Esse esquema de segurança ostensivo, no entanto, não conseguiu impedir protestos de cidadãos em várias partes da Suíça desde o fim de semana anterior ao início do Fórum. No sábado, 18 de janeiro, uma manifestação de várias centenas, a maioria jovens, marchou pelas ruas da capital, Berna, para protestar contra a reunião de Davos. Usando o conceito esportivo Smash WEF (Leilão Contra o Fórum) como slogan, eles defenderam que se deve “Acabar com o jogo dos poderosos e alcançar uma vida digna para todos”. Os manifestantes argumentaram que esse conclave “é um símbolo do capitalismo e da crise climática, das guerras, das crises econômicas, da discriminação e da opressão” e que, paradoxalmente, em Davos “os participantes [do Fórum] discutem as crises que eles mesmos causaram”.

Um dia depois, cerca de 300 manifestantes chegaram aos portões desse famoso destino turístico nos Alpes para exigir o fim do Fórum Econômico Mundial. As consignas dos cartazes contra os protagonistas do evento eram contundentes: “Cale a boca e pague impostos!”, “Ataquem, ataquem, o Fórum é uma m….!” e “Taxem os ricos!”, entre muitos outros da mesma natureza.

No contexto do protesto “anti-Davos”, na quarta-feira, dia 22, foi anunciada a constituição de uma nova Aliança de Organizações da Sociedade Civil sob o nome de #TaxTheSuperRich for people and planet (Taxem os superricos para ajudar as pessoas e o planeta).

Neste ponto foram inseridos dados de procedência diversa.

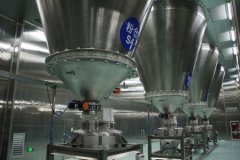 羊奶粉为国产奶粉市场带来新气象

Em uma declaração conjunta, as ONGs Greenpeace, Oxfam, Confederação Sindical Mundial e outras organizações igualmente ativas na proteção ambiental e nos direitos humanos exigiram que tanto os indivíduos quanto as empresas mais ricas do planeta paguem impostos para impor limites à riqueza extrema e fortalecer a cooperação internacional em vista de uma tributação mais justa.

Momentos antes de anunciar essa nova aliança cidadã, ativistas ambientais do Greenpeace confiscaram simbolicamente vários jatos particulares no aeroporto de Engadine, em Samedan, a menos de 70 quilômetros de Davos, onde muitos dos magnatas e personalidades que participaram do Fórum chegaram. Dias antes, ativistas ocuparam o heliporto de Davos para exigir “um imposto justo sobre os mais ricos, a fim de financiar a proteção ambiental e investir em um futuro justo e sustentável para a humanidade”. E na segunda-feira de abertura do Fórum, outros ativistas pintaram de verde o pavilhão da Amazon na rua principal da cidade-sede.

Todos esses protestos tinham argumentos estatísticos, como foi evidenciado por uma reportagem divulgada no mesmo dia da abertura do Fórum. Somente em 2024, a riqueza dos bilionários aumentou US$ 2 trilhões, o equivalente a cerca de US$ 5,7 bilhões por dia, e a uma taxa três vezes mais rápida do que no ano anterior. Dito de outra forma, uma média de quase quatro novos bilionários surgia a cada semana. Enquanto isso, o número de pessoas que vivem na pobreza quase não mudou desde 1990. De acordo com Takers, Not Makers (Fruto do saqueio, não do esforço), o relatório recém-publicado pela Oxfam International na terceira semana de janeiro, o número de bilionários no mundo passou de 2.565, em 2023, para 2.769, em 2024. Sua riqueza aumentou no mesmo período de US$ 13 trilhões para US$ 15 trilhões. De acordo com a Oxfam, “o segundo maior aumento anual na riqueza bilionária desde o início dos registros”. Enquanto isso, a riqueza dos dez indivíduos mais ricos do mundo cresceu em média quase 100 milhões de dólares por dia.

O paradoxo reina, a surpresa é ilimitada: mesmo que esses bilionários perdessem 99% de sua riqueza da noite para o dia, eles ainda seriam bilionários. Quando o ilógico se torna sistêmico, até mesmo os Alpes pacíficos chamam ao protesto.